De centrale vraag in dit rapport is of gegeven een beschikbaar overheidsbudget het resultaat voor de samenleving het grootst is indien de middelen worden ingezet voor een sociale woning aangeboden door een SHM of door een SVK. Om deze ‘kosteneffectiviteit’ te kunnen beoordelen, zijn eerst de kosten voor de overheid berekend van een SHM- en een SVK-woning, en dit volgens twee verschillende methoden, waarvan de resultaten in dezelfde richting wijzen.

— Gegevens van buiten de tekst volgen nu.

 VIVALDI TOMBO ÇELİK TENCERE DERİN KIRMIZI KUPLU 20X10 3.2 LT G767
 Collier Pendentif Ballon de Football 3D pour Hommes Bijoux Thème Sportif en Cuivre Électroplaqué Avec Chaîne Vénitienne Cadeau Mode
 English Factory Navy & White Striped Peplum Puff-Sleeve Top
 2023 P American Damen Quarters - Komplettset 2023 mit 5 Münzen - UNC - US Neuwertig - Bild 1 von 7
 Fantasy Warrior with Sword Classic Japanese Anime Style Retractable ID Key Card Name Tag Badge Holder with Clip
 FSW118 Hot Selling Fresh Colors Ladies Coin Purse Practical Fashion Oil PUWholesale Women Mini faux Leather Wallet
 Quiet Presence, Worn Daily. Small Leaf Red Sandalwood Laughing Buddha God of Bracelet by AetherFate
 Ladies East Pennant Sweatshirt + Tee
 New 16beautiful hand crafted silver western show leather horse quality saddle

Bij de eerste methode berekenden we de totale kost van een sociale woning vertrekkend van de marktwaarde van dezelfde woning op de private huurmarkt, waarna we deze corrigeerden om rekening te houden met verschillen tussen private en sociale verhuur. Vervolgens hebben we nagegaan hoe deze kost wordt verdeeld tussen huurder, verhuurder en overheid. In de tweede benadering hebben we in beeld gebracht wat bij een investering op een bepaald moment de te verwachten uitgaven zijn voor de overheid over de gehele levensloop van de woning.
De twee methoden wijzen in dezelfde richting, namelijk dat de kost voor de overheid van een SVK-woning hoger is dan van een SHM-woning. Dit heeft in belangrijke mate te maken met de hogere kosten die verbonden zijn aan de meer intensieve begeleiding die een SVK-verhuring inhoudt. Men kan dan ook verwachten dat tegenover deze hogere kost een beter resultaat staat voor sociale doelen. De evaluatie van de kosteneffectiviteit bevestigt dit, maar wijst ook op de minder goede resultaten van het SVK-systeem voor andere doelen, waaronder de betaalbaarheid voor de huurder.

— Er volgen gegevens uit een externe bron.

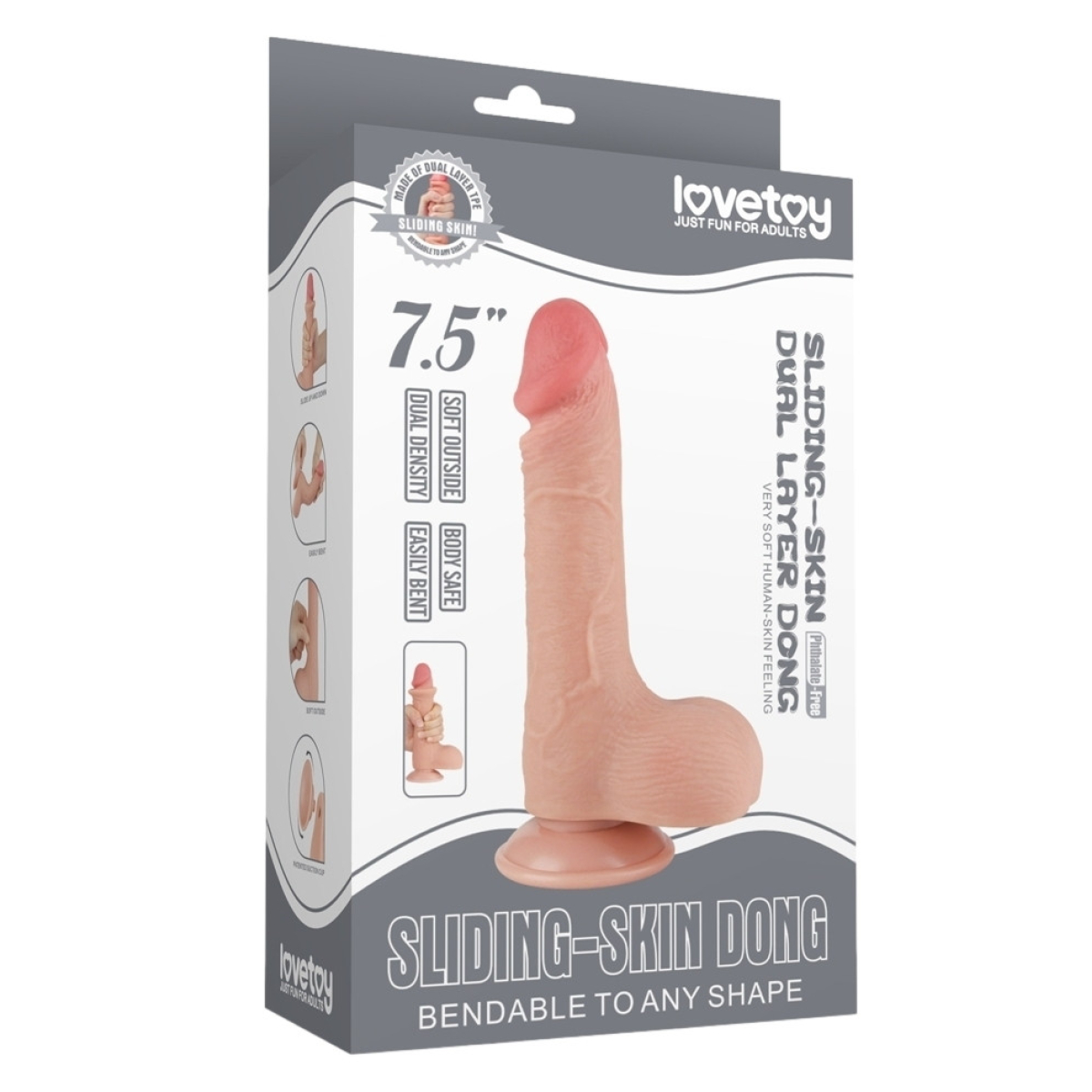 gode realiste avec bourses sliding skin 13 x 37cm 1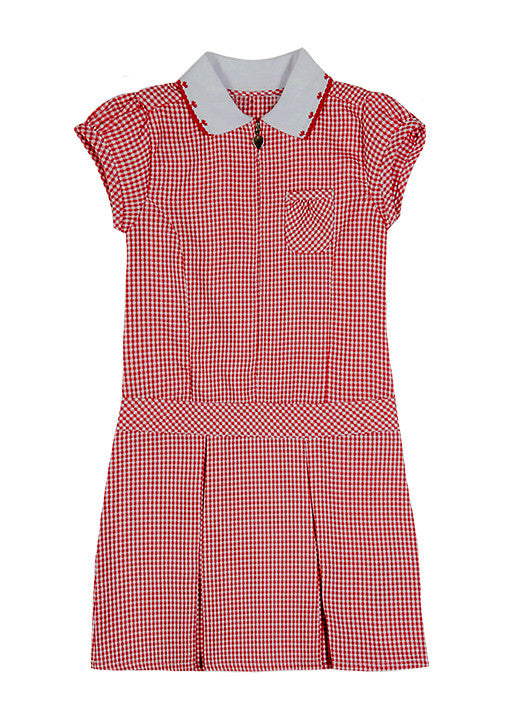 ***RED GINGHAM DRESS, DROPWAIST WITH FRONT ZIPPER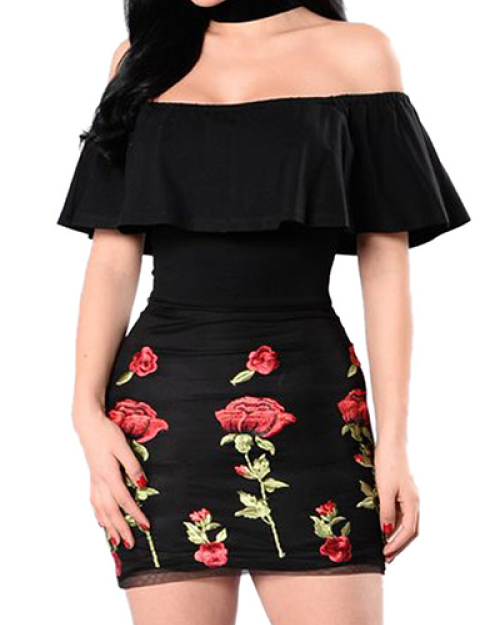 Stylish Dew Shoulder Rose Printed Black Cotton Blend Mini Dress Stylish Dew Shoulder Rose Printed Black Cotton Blend Mini Dress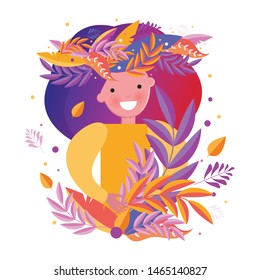 Bright autumn vector illustration. Happy girl walking in the autumn in the forest among the autumn leaves. Bright, cheerful colors. Stylized leaves and herbs in orange, purple, lilac, pink.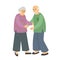 Elderly asian couple. Old man and woman ready to hug. Cartoon flat design illustration. Happy family. Vector picture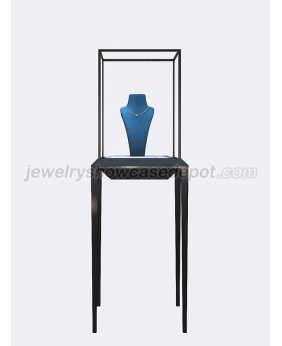 Modern Custom Black Stainless Sreel Floor Standing Jewelry Display Case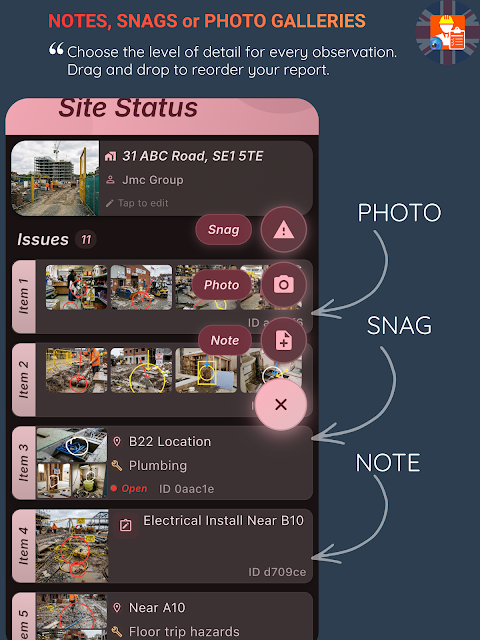 SiteReport Snag List & Defects screenshot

Waar kosteneffectiviteit gaat over de relatie tussen kosten en effecten van deze kosten voor de samenleving, gaat efficiëntie over de verhouding tussen kosten voor de organisatie en de outputs. Sommige organisaties kunnen eenzelfde output leveren voor minder kosten dan andere. We kunnen zo organisaties vergelijken wat betreft hun efficiëntie en nagaan of die efficiëntie samenhangt met factoren waarop het beleid van invloed is. Eén van de factoren die we met deze efficiëntie-analyses wilden onderzoeken, is de schaal van SHM’s en SVK’s. De analyses wijzen voor de SHM’s allemaal zeer sterk in dezelfde richting, namelijk dat de schaal een eerder negatief (en meestal ook statistisch significant) effect heeft op de efficiëntie. Dit wijst er op dat grotere organisaties voor een bijkomende eenheid output een relatief hogere kost hebben dan kleinere organisaties. Voor de SVK’s was het negatieve schaaleffect minder eenduidig.

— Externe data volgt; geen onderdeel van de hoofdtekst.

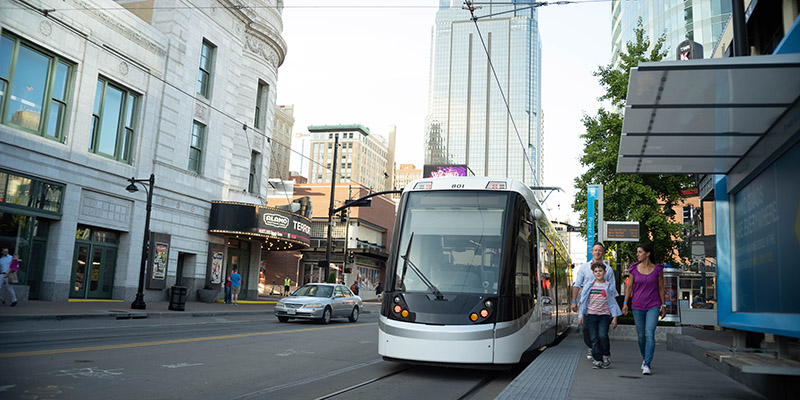 Family boarding the KC Streetcar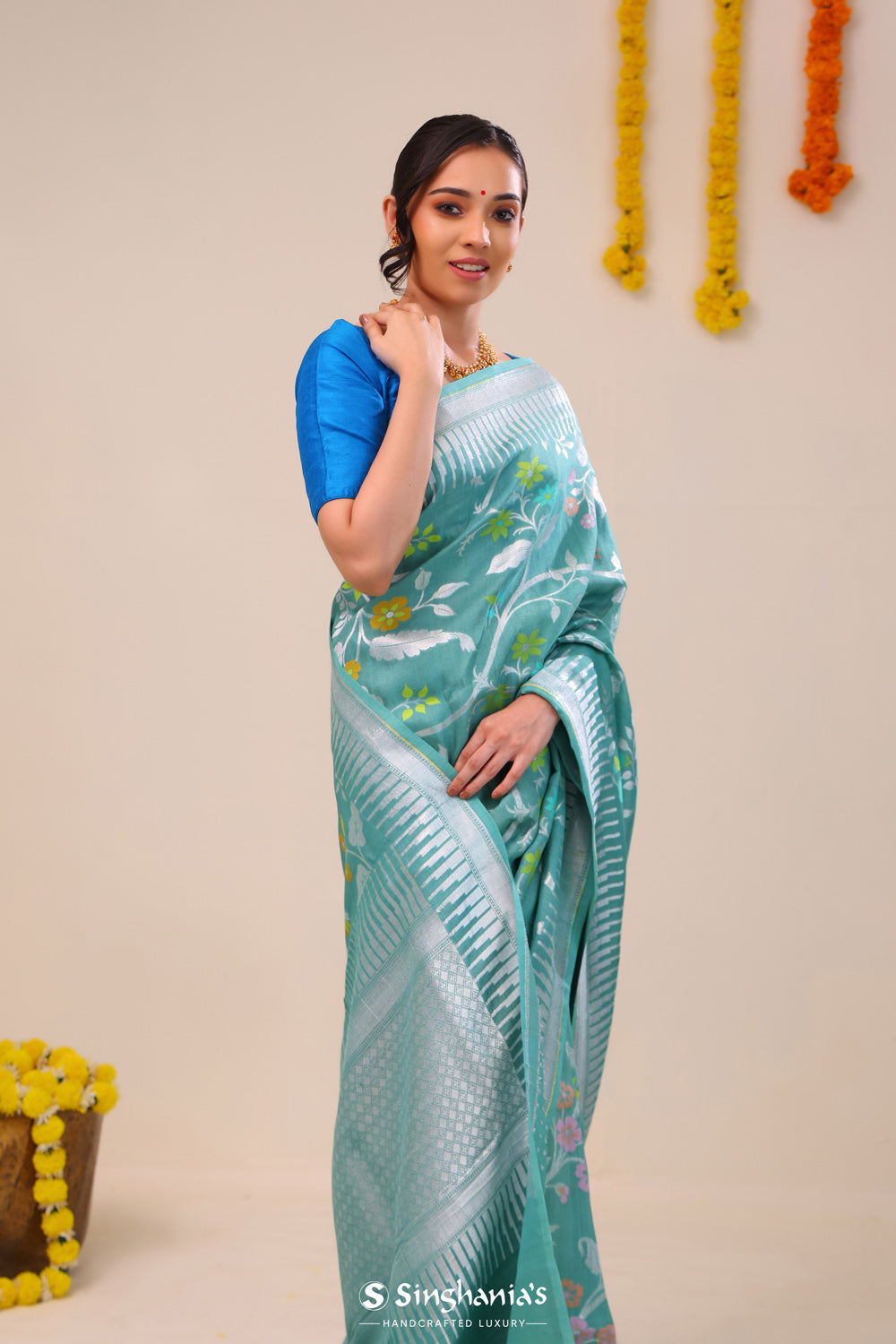 Verdigris Green Floral Banarasi Silk Saree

De relevantie van deze bevindingen voor het beleid ligt in de eerste plaats in het transparant maken van de implicaties van de beleidskeuzes. De financieringsmechanismen van de sociale huisvesting zijn zodanig complex dat het tot nu toe erg onduidelijk was wat de kostprijs is van een bijkomende sociale huurwoning. Dit onderzoek heeft daarin klaarheid gebracht en heeft een methodologie opgeleverd die ook kan worden ingezet om de kost voor de overheid (en voor huurder en verhuurder) van aanpassingen aan het financieringsmechanisme te berekenen. Het hoofdstuk over efficiëntie ten slotte werpt een nieuw licht op de discussie over de schaal van SHM’s en SVK’s.
Doorheen het hele rapport werd duidelijk hoe sterk de beschikbaarheid en kwaliteit van data bepalen wat mogelijk is in beleidsevaluaties. De door ons gebruikte input-, output- en omgevingsindicatoren zijn niet de meest verfijnde meetinstrumenten. Daarom eindigt het rapport met aanbevelingen voor het verzamelen en bijhouden van gegevens over de sociale huisvesting.